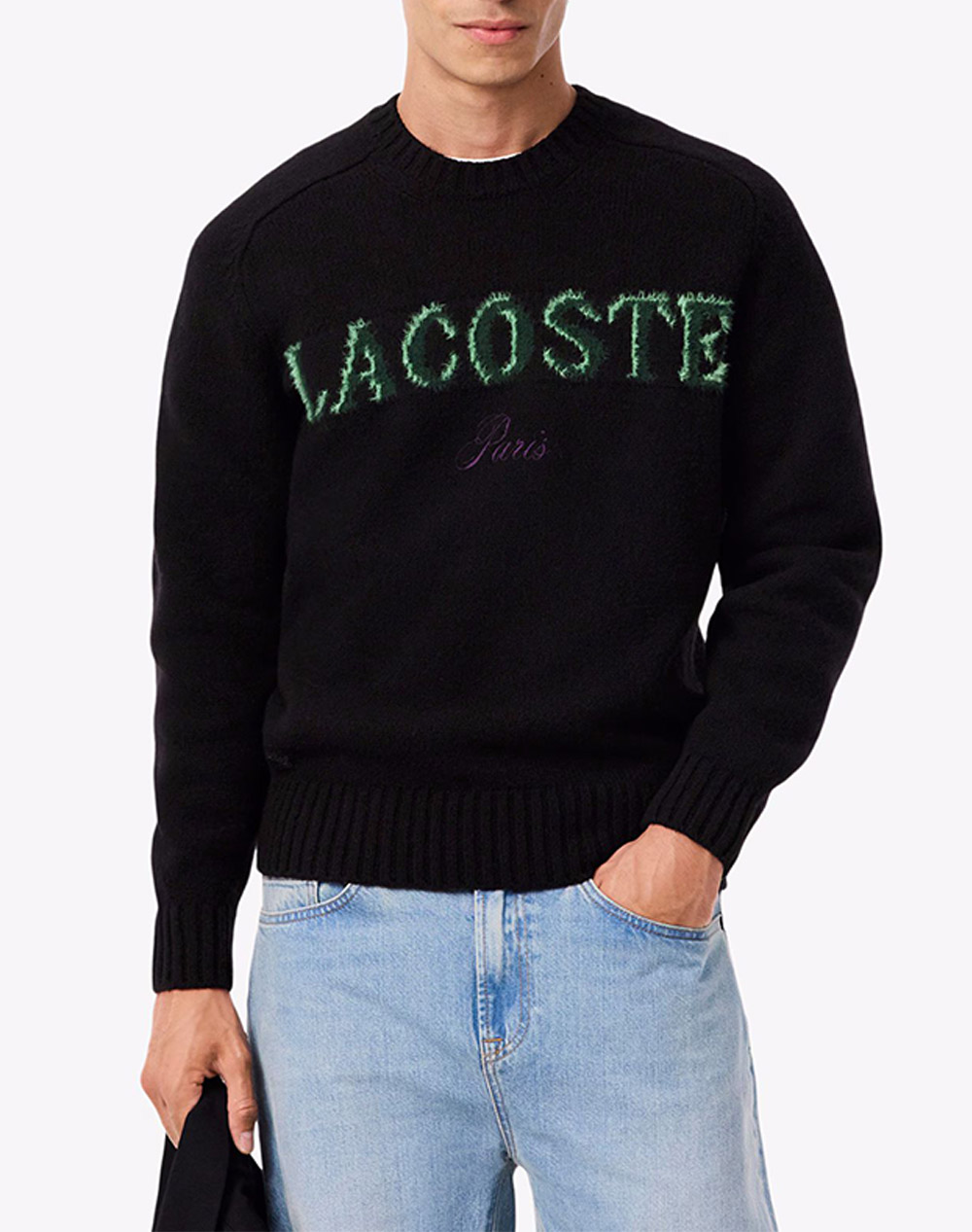 Ανδρικά πλεκτά & ζακέτες lacoste σε μαυρο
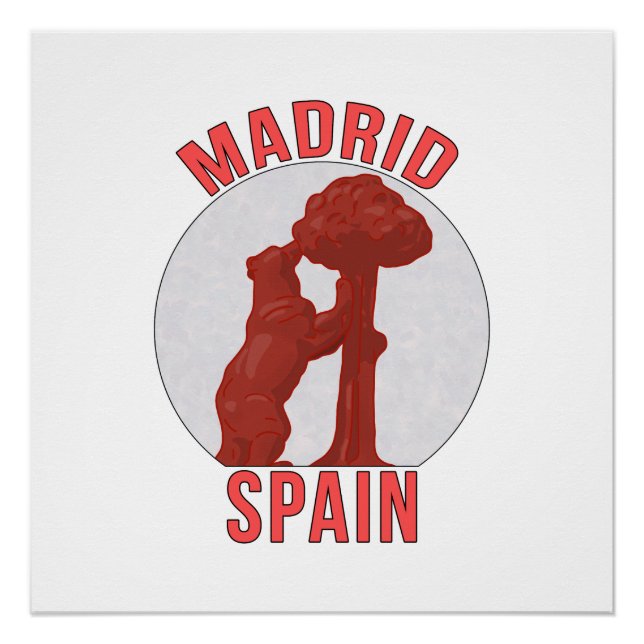 Madrid Spanien Poster (Vorderseite)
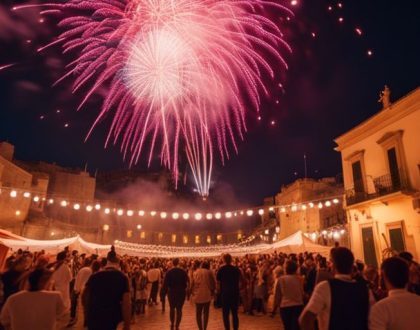 Die Farben der maltesischen Feste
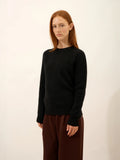 SERENIA Sweater Crew Neck 6 Ply Black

* * * * *

Activity:
Transcribe exactly the lines from the one holding "Madrid Spanien Poster (Vorderseite)" through the final line of the material above, both ends included; any pictures should be dropped.

Result of this task:
 Madrid Spanien Poster (Vorderseite)
 Die Farben der maltesischen Feste
 SERENIA Sweater Crew Neck 6 Ply Black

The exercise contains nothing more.